Labor Day is celebrated on the first Monday in September. It is a celebration of the American labor movement and is dedicated to the social and economic achievements of workers. It constitutes a yearly national tribute to the contributions workers have made to the strength, prosperity, and well-being of their country.
Labor Day was promoted by the Central Labor Union and the Knights of Labor, who organized the first parade in New York City. Thus, in 1887, it was established as an official holiday in September to support the Labor Day that the Knights favored.

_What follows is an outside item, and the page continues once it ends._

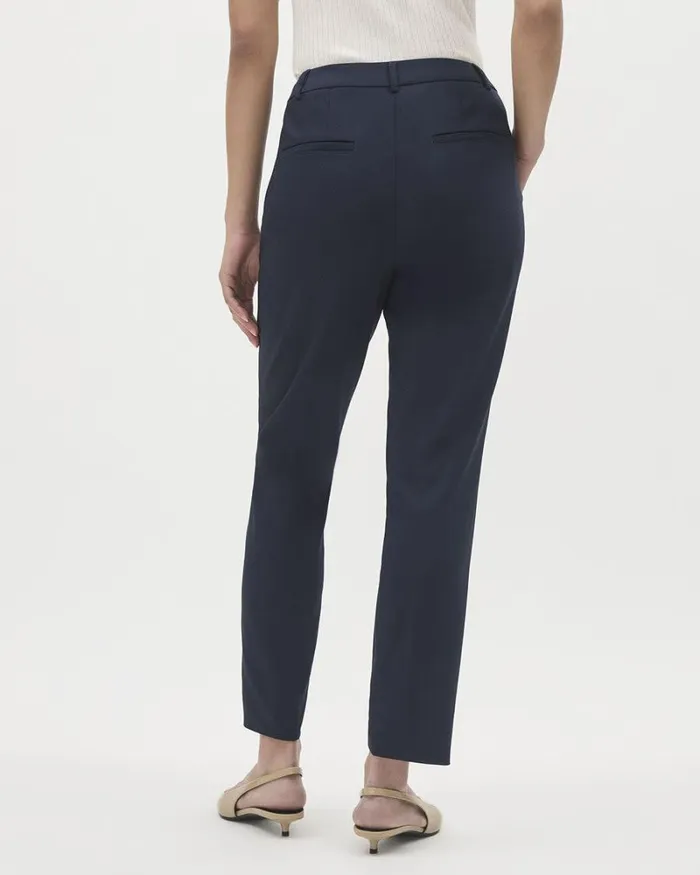 RWandCO Suits Limitless Slim Ankle Curvy Pant Night Sky 8211 Women
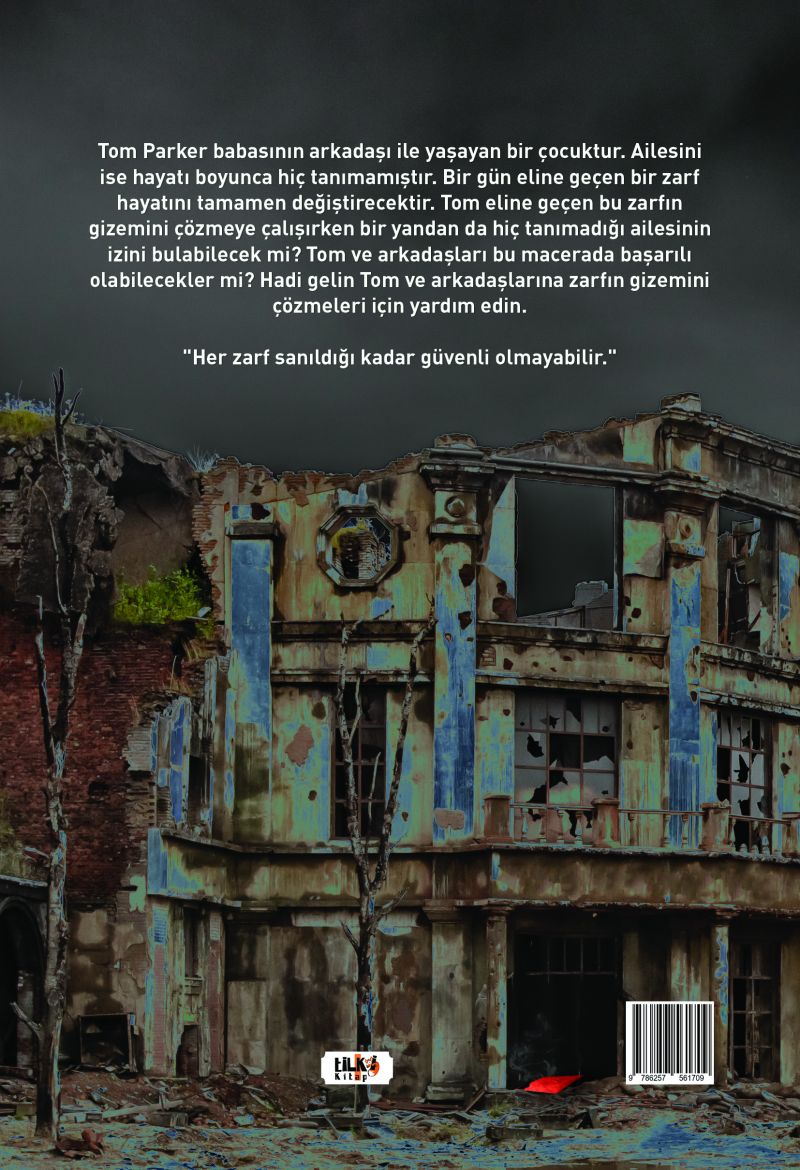 Tom Parker Ve Zarfın Bekçileri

In 1882, Matthew Maguire, a machinist, first proposed the holiday while serving as secretary of the CLU (Central Labor Union) of New York. Others argue that it was first proposed by Peter J. McGuire of the American Federation of Labor in May 1882, after witnessing the annual labor festival held in Toronto, Canada. Oregon was the first state to make it a holiday on February 21, 1887. By the time it became a federal holiday in 1894, thirty states officially celebrated Labor Day.
The United States Congress unanimously voted to approve rush legislation that made Labor Day a national holiday; President Grover Cleveland signed it into law. The September date originally chosen by the CLU of New York and observed by many of the nation's trade unions for the past several years was selected rather than the more widespread International Workers' Day. All U.S. states, the District of Columbia, and the territories have made it a statutory holiday.
The form for the celebration of Labor Day was outlined in the first proposal of the holiday: A street parade to exhibit to the public "the strength and esprit de corps of the trade and labor organizations", followed by a festival for the workers and their families. This became the pattern for Labor Day celebrations. Speeches by prominent men and women were introduced later, as more emphasis was placed upon the civil significance of the holiday. Still later, by a resolution of the American Federation of Labor convention of 1909, the Sunday preceding Labor Day was adopted as Labor Sunday and dedicated to the spiritual and educational aspects of the Labor movement.
The Labor Day holiday often marked the return to school, although now, school starting times now vary across the country. Most school districts now start sometime in August.